Because of the limited life charters of SPACs, an acquisition must be consummated within a defined period or the entity will be dissolved. The fair market value of the target must exceed 80% of the corporation's net assets. SPACs that are seeking companies with enterprise values north of $200 million can encounter a stiff challenge from other acquirers, such as private equity and strategic acquirers from the public company landscape.

Companies north of the mentioned size range are usually approached by a number of suitors. However, in a competitive M&A landscape, SPACs have the ability to pay higher multiples due to the public source of their capital. Additionally, the management team is typically a group comprised of seasoned executives with a fair amount of finance and operating experience. These skills can be leveraged and utilized by a target company to increase overall enterprise value, post-acquisition.
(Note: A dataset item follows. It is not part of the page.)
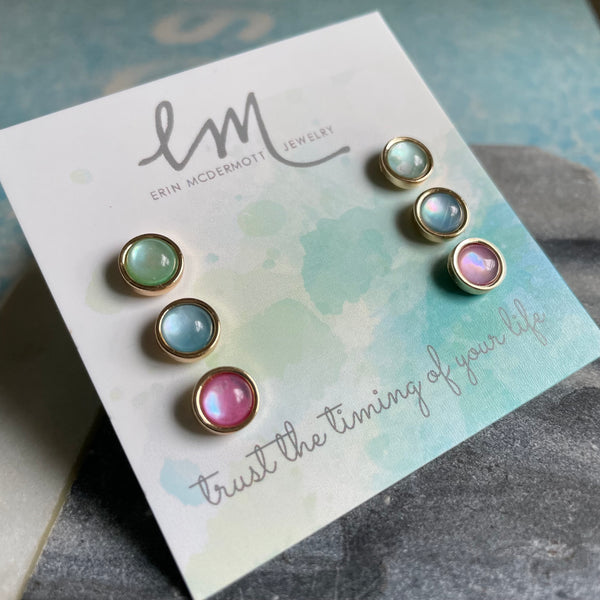 Sea Glass Studs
The SPAC route can also be a cheaper way for a private company to go public, as a more traditional IPO alternative can yield more expensive fees for large investment banks and brokerage houses.

Target Must Show Value
Shareholders of these entities have voting and conversion rights, and ill-conceived proposed transactions can be rejected. Thus, management must ensure - despite the relative difficulty in acquiring attractive companies due to the number of possible suitors - that the target company has a reasonable and believable value enhancement proposition moving forward. SPACs have received criticism for what is perceived as unusually favorable compensation for its management members. Management typically receives 20% of the equity of a SPAC on the front end.
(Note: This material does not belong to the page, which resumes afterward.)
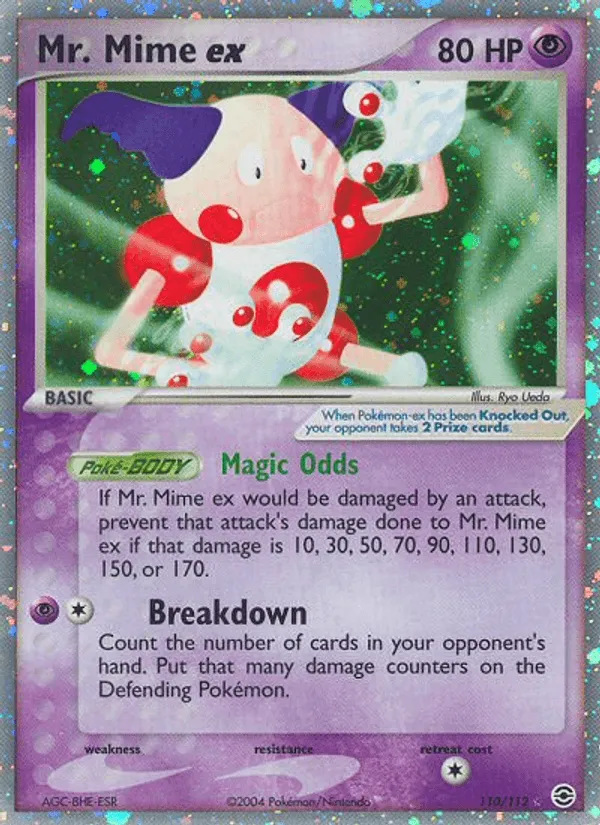 Carte M. Mime ex — EX FireRed & LeafGreen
Most charters dictate that no compensation is owed to management if it is not able to successfully complete a transaction. Heavy rewards may incline a few managers to steer shareholders toward less than ideal companies in the hope of attaining a 20% stake of the company. Due to potential conflicts of interest, industry norms have formed: a SPAC cannot form a business combination with a target where an insider has a financial stake, in order to protect the interest of all shareholders (an exception is if a fairness opinion is issued by a third party to qualify the deal).

Conclusion
Many investment banks are able to generate handsome fees by creating SPACs. These institutions are familiar with capital raising efforts, and also have a wide and diverse network of industry and intermediary contacts that can aid management in securing an acquisition. This advantage must be balanced by considering such things as the limited forecast and/or directional insight shareholders have on future acquisitions, the unattractiveness of the approval contingency to sellers and the limited research coverage on behalf of potential investors.